La tipologia di lavoro è la stessa?

"Sì, ma Am Gears è specializzata in veicoli orientali. Il 70-75% del fatturato è dovuto ai prodotti che riguardano il cambio. Poi abbiamo anche un’altra azienda italiana".

Quale?

"Eurotec. La tipologia di clienti italiani non è la stessa che troviamo nel resto del mondo".

Ci dica di più.

"All’estero vendiamo a grandi magazzini, che comprano da noi pasticche, freni, filtri. In Italia, invece, riforniamo anche piccoli negozi e officine. E ancora: abbiamo un’altra azienda a Bologna che fa stampaggio a caldo, e un’altra in Romania, MBE (ovvero Metal Brasov Euroricambi, ndr), che è praticamente un’unità produttiva formata da 100 persone. Non da ultimo, l’azienda in Germania e la partnership con il nostro storico distributore brasiliano".

Il mercato oggi cosa racconta?

"Con l’impatto del Covid, un po’ tutto il gruppo ha subito una flessione. Fortunatamente parliamo di numeri modesti, con un calo dell’8%. Poi, con il 2021, l’economia è esplosa e quindi la domanda è aumentata: abbiamo chiuso l’anno con un +20% e il trend è continuato anche lo scorso anno. Oggi il vero problema riguarda la produzione".

Come mai?

"Sembra tutto rose e fiori, ma ci sono anche alcune spine: quando la domanda è esplosa, abbiamo fatto fatica a starle dietro, soprattutto nel 2022. Ovviamente va considerato il boom dei costi energetici, che si sono riversati sulla nostra catena di fornitura".

Quali spese avete affrontato?

"Abbiamo avuto tre milioni di costi in più, con un +156% sull’energia elettrica e non solo. Siamo passati da bollette da 1.800.000 euro a 4.700.000".

Come avete affrontato tutto questo?

"Abbiamo sempre puntato sulla capacità di stock in magazzino: il 97% dei materiali è sempre stato disponibile. Con la crisi, siamo scesi un po’ e arrivati intorno all’80%. Sono questi i nodi che frenano la crescita del fatturato, ma puntiamo a tornare agli stessi livelli. Non so dire ancora se serviranno sei mesi, o magari un anno…".

In che modo?

"Attraverso investimenti importanti, potenziando le linee produttive, comprando nuove macchine utensili, con la possibilità che la tecnologia faccia passi in avanti e ci dia una mano".

Al governo chiedete un supporto di qualche tipo?

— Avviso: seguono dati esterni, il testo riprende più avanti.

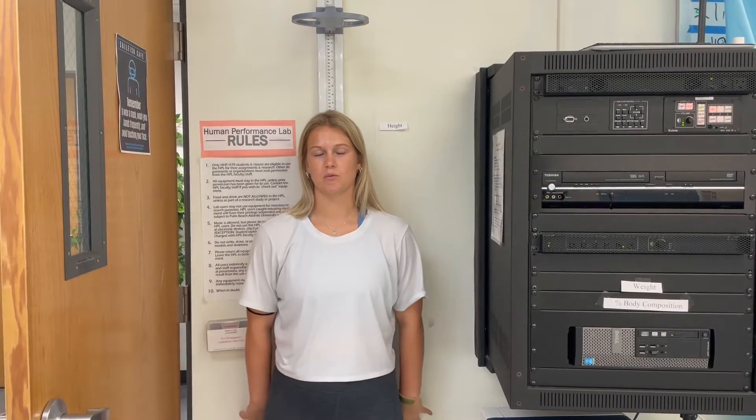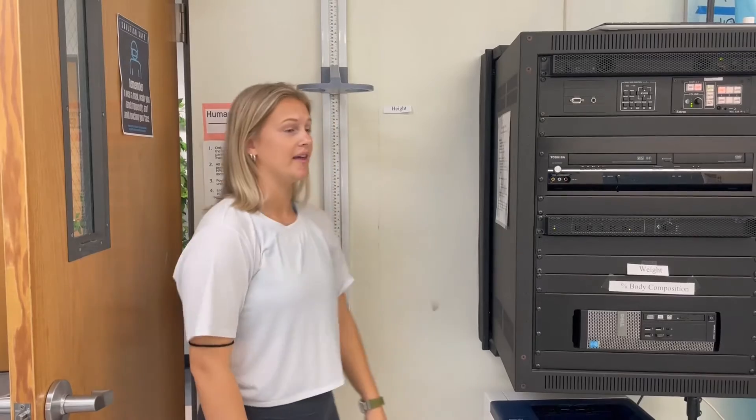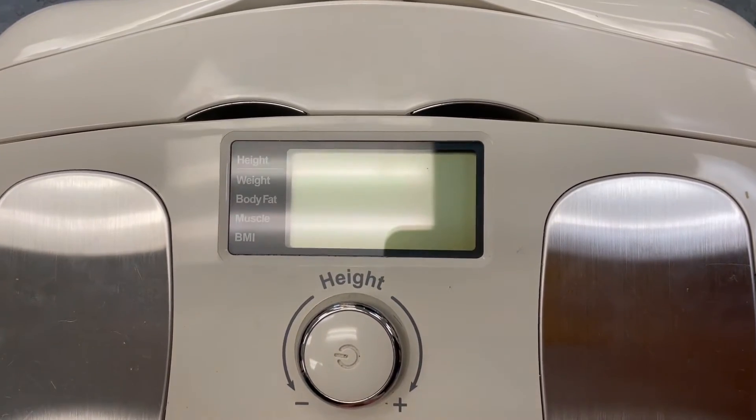Welcome to the body composition lab. For this lab we have three different ways of measuring body composition: the scale, the handheld monitor, and the Bod Pod. For all these tests we need height, so the first thing we're going to do is take your subject's height. Have them walk all the way back to the wall facing outwards, take the bar above them, and pull it down to rest just on top of their head. You can then see their height listed in inches and in centimeters. This subject is five six.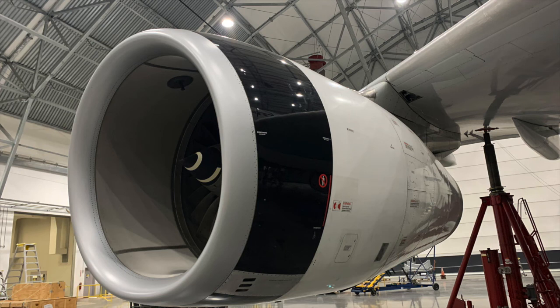The secondary coil of a magneto is grounded through the primary coil. In the aircraft magneto system, if the P-lead is disconnected, the magneto will be on regardless of ignition switch position.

"Voglio esprimere un’opinione personale: noi siamo un’azienda che ha sempre usato i propri soldi, abbiamo tenuto gli utili in azienda portando fuori sempre solo una piccola percentuale. Così siamo diventati finanziariamente forti: ecco, credo che le aziende debbano fare business senza contare sugli aiuti della politica. Poi ci sono alcuni casi specifici".

Un esempio?

"Beh, quando si parla di costi energetici, mi aspetto che il governo possa attuare politiche di calmieramento. Serve un’azione di controllo efficace: mi sembra evidente che l’aumento non rispecchi i costi".

E’ in atto una speculazione?

"Ce ne sono fin troppe. Va anche detto che il governo qualcosa l’ha fatto, non ha assorbito il maggior costo, ma ha dato contributi apprezzabili".